Collected data

..........

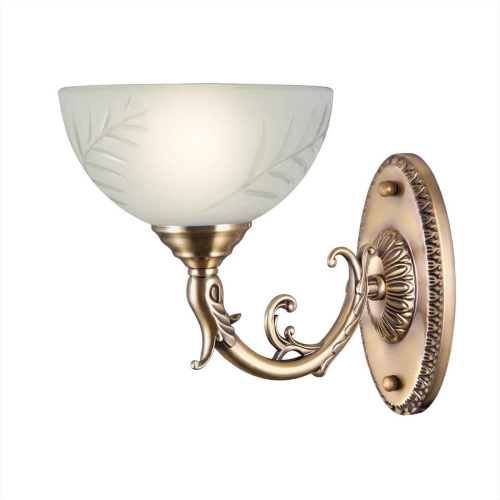 Бра Citilux Кремона CL406313 Бра Citilux Кремона CL406313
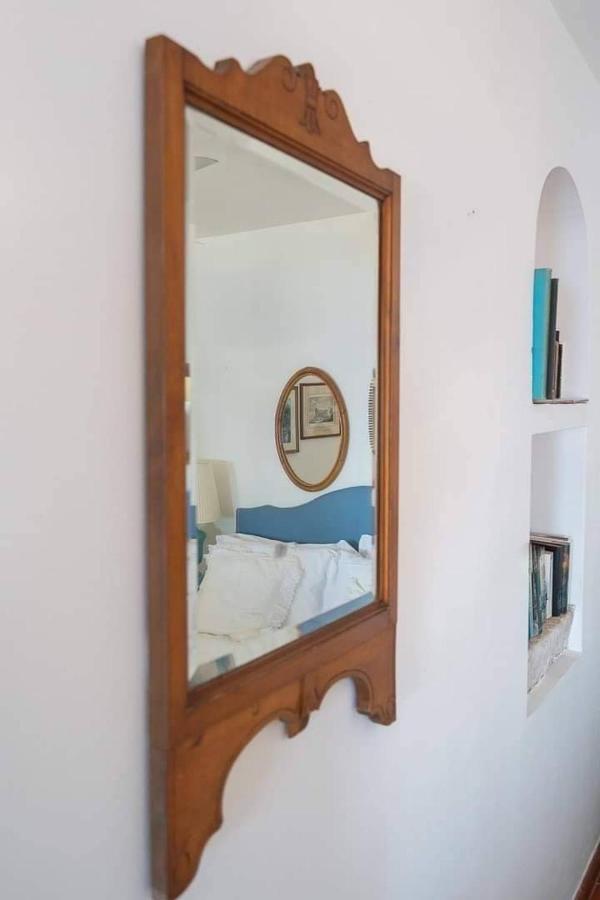 B&B La Bergerie Taormina Ngoại thất bức ảnh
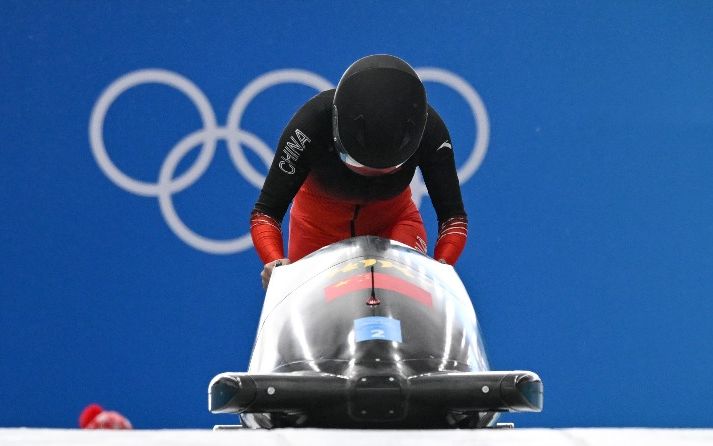 圓夢金(圓夢金10萬一刷出來會風控嗎)-添財網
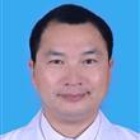 李志辉专家团队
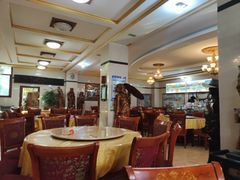 -瑞丽觉觉味道·异国风情(瑞丽大道店)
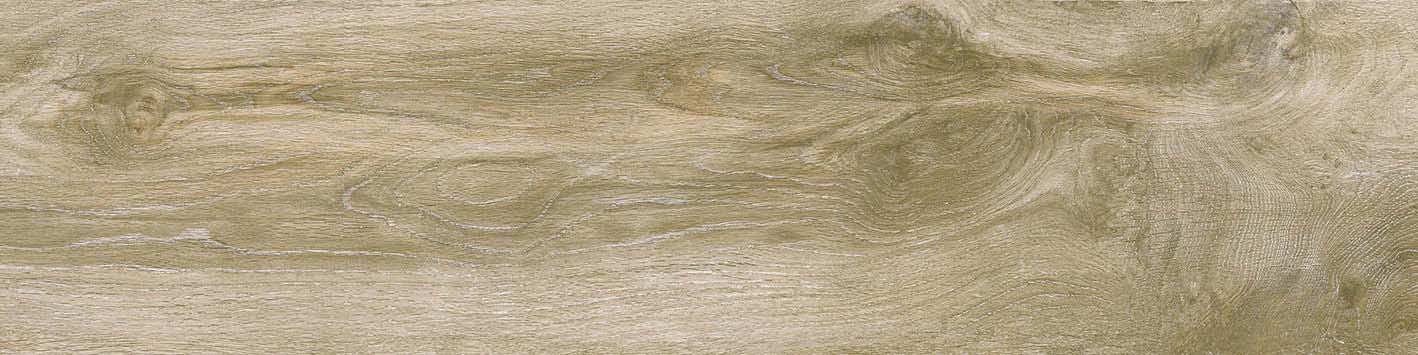 Terrassenplatten Holz-Optik Format 30X120.5X2cm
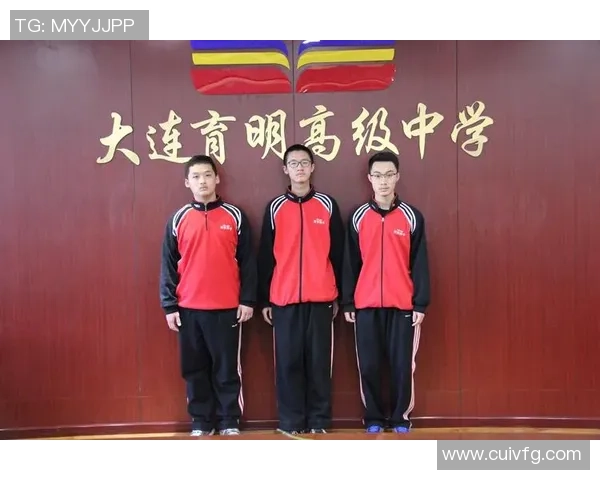 武汉足球队在选拔赛中的速度优势分析与表现点评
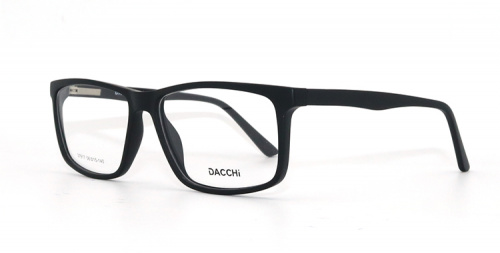Оправа DACCHI 37917 C2  56-17-140 фото 3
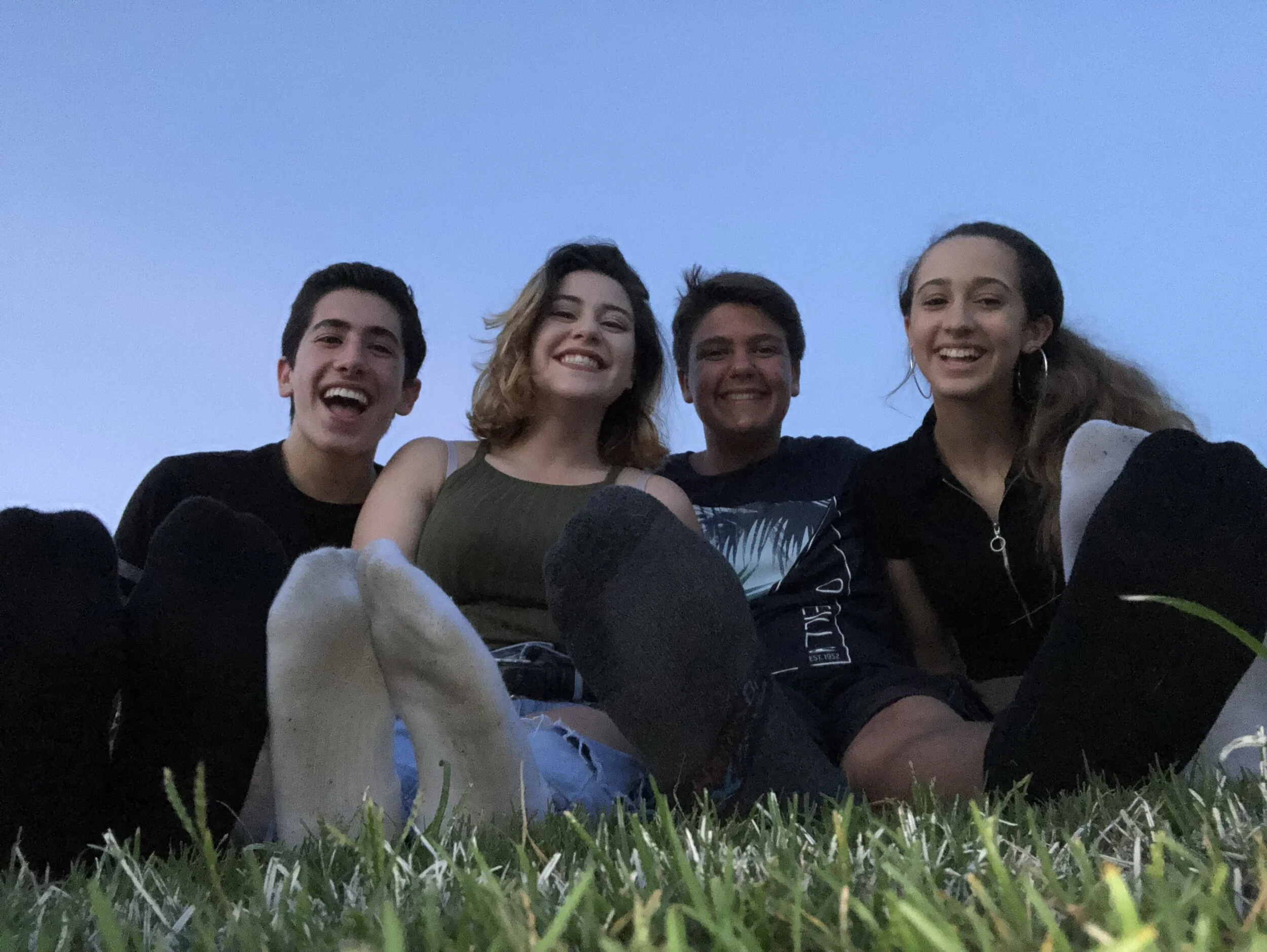 IMG_8414.jpeg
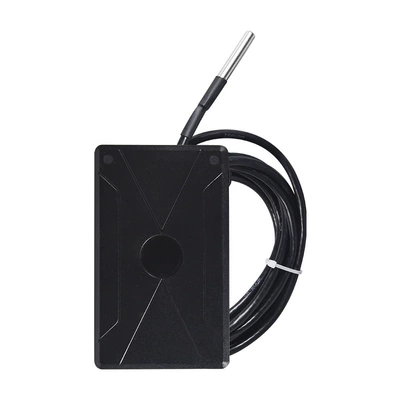 Time, Battery Model, GPS Locator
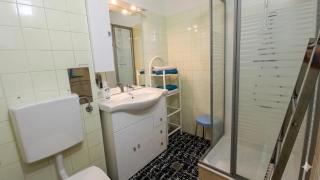 MAREN Seeblick Appartement Haus Hänsel&Gretel am Ossiacher See, Hallenbad, Skiarena Gerlitzen - 2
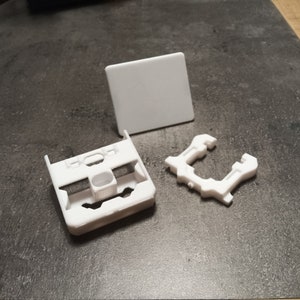 recambio para cajón Brico Depot / Castorama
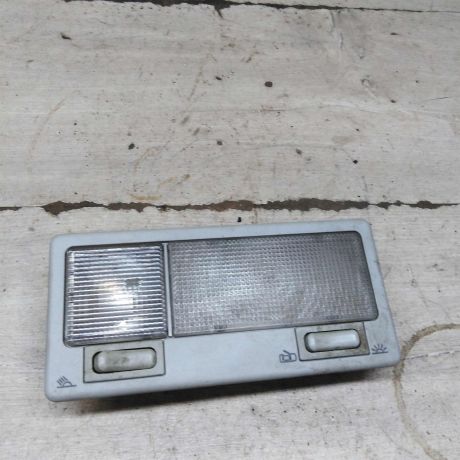 plafon-salona-ford-galaxy-volkswagen-sharan-seat-alhambra-art-100515-big-0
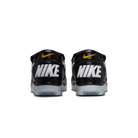 Nike Cryoshot Tiempo Premier 1994 Black White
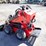 unused-2026-captok-skid-steer-loader-323tz260809-image-7
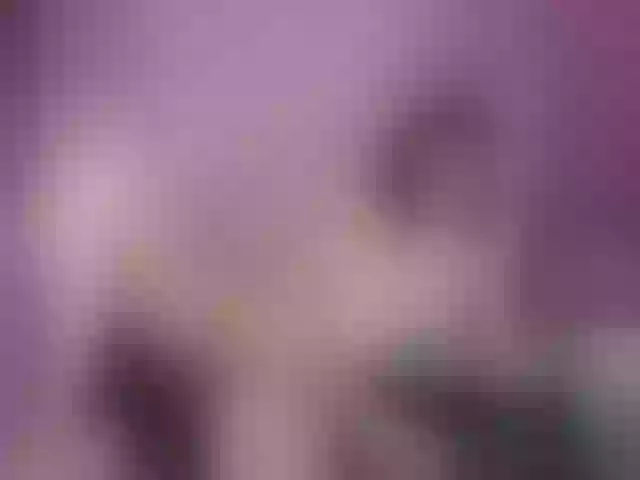 Live sex webcam photo for littlejanex #272379796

..........

Both the line containing "武汉足球队在选拔赛中的速度优势分析与表现点评" and the last line of the records above belong in the exact copy, along with every line between them; pictures do not.

 武汉足球队在选拔赛中的速度优势分析与表现点评
Оправа DACCHI 37917 C2  56-17-140 фото 3
 IMG_8414.jpeg
 Time, Battery Model, GPS Locator
 MAREN Seeblick Appartement Haus Hänsel&Gretel am Ossiacher See, Hallenbad, Skiarena Gerlitzen - 2
 recambio para cajón Brico Depot / Castorama
 plafon-salona-ford-galaxy-volkswagen-sharan-seat-alhambra-art-100515-big-0
 Nike Cryoshot Tiempo Premier 1994 Black White
 unused-2026-captok-skid-steer-loader-323tz260809-image-7
 Live sex webcam photo for littlejanex #272379796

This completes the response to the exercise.